→ Data extract
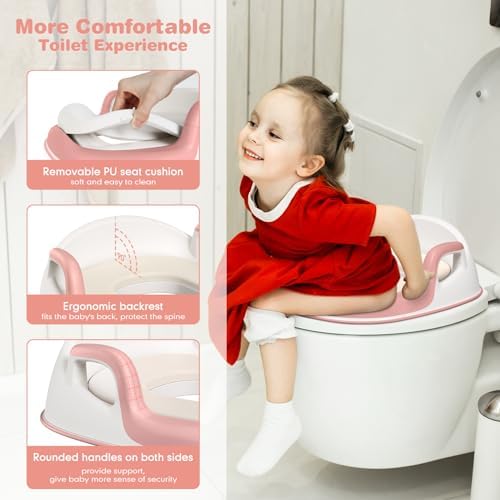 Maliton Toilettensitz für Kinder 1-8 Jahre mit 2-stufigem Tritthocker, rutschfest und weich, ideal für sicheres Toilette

* * *

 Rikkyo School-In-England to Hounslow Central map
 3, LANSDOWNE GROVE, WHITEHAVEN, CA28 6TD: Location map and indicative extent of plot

→ Problem details
Each line above from the one with "Rikkyo School-In-England to" up to and including the one with "3, LANSDOWNE GROVE, WHITEHAVEN, CA28" must be set down exactly, and no line outside that span may appear.

→ Response to this exercise
 Rikkyo School-In-England to Hounslow Central map
 3, LANSDOWNE GROVE, WHITEHAVEN, CA28 6TD: Location map and indicative extent of plot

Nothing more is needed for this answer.